Type: Taiwan Single Malt Whisky
Ageing casks: American Oak
Added coloring: No
Owner: King Car Group
Average price: € 55.00
Official website: www.kavalanwhisky.com
Before the emergence of NAS, whiskies with no declared age, the time spent by the spirit in the cask was a fact which, when stated on the label, gave the bottle a sense of prestige directly proportional to the number of years indicated.
Hence the massive use, even today, of caramel colouring to make whiskies darker in appearance, precisely to give the idea of ageing that in the collective imagination is associated with warm, amber colours.
If in Scotch (and other whiskies) the time spent in casks can give an initial idea of what to expect in the glass, with tropical whiskies things change quite a bit.
For example, the Taiwanese distillery Kavalan (named after the people who used to live in the production area, Yilan County) only produces NAS because, due to the climate on the island of Taiwan, whisky is affected by barrels and climate much more quickly than in northern Europe, to the extent that a distillate that is a couple of years old is (formally) equivalent to almost a Scottish 10-year, and declaring age could be misleading.
This is why, despite only being in business since 2005, Kavalan already has a well-stocked portfolio of bottlings, some of which have received high-level recognition in just a few years.
The bottle we are discussing today caused me a bit of a headache in finding information: it can be found both as Distiller’s Select and Distillery Select (even on their website!), apparently without any distinction, although there are photos of bottles with both labels.
I’m sticking with the bottle from which I took the sample, which had the name in the title on the label.
The colour is dark caramel (all natural).
The nose is sweet yet pungent, with caramel, aniseed, plums, pineapple and a hint of pepper. In the background, there’s a hint of rubber which gradually fades but remains present.
On the palate, the fruity flavours are reinforced, remaining enveloped by caramel, with the addition of milk chocolate and a marked saline note.
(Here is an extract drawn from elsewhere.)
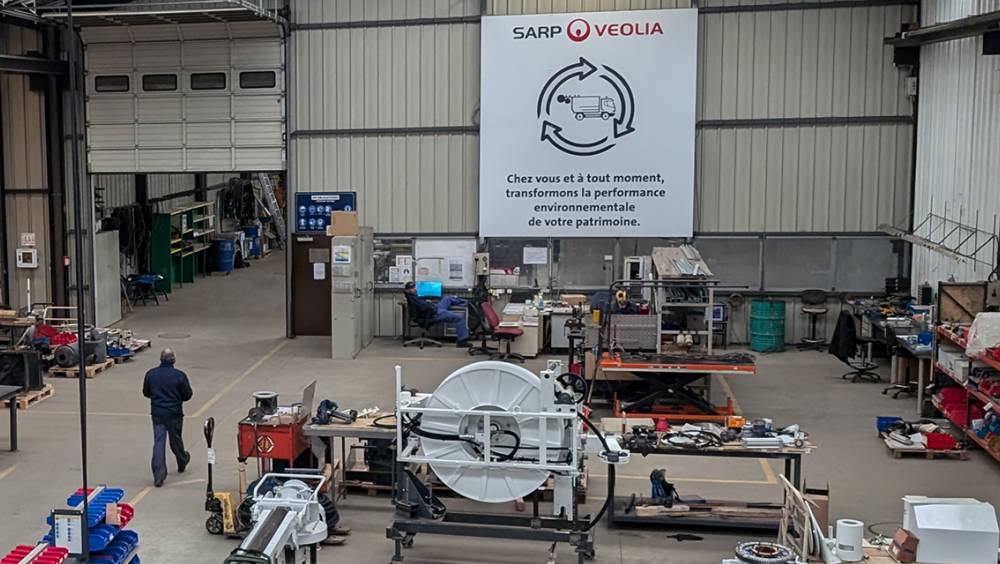 Veolia revoit le cycle de vie de ses camions hydrocureurs 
The flavours are a bit fleeting, flashes appearing and disappearing in the mouth, without much substance, quickly allowing the alcohol and the rubber perceived on the nose to emerge.
The finish is quite short, fruity and salty with a touch of spice.
It has to be said that, in both its appellations, this bottle is indicated for blending, hence the not-so-strong and complex personality, which barely touches sufficiency.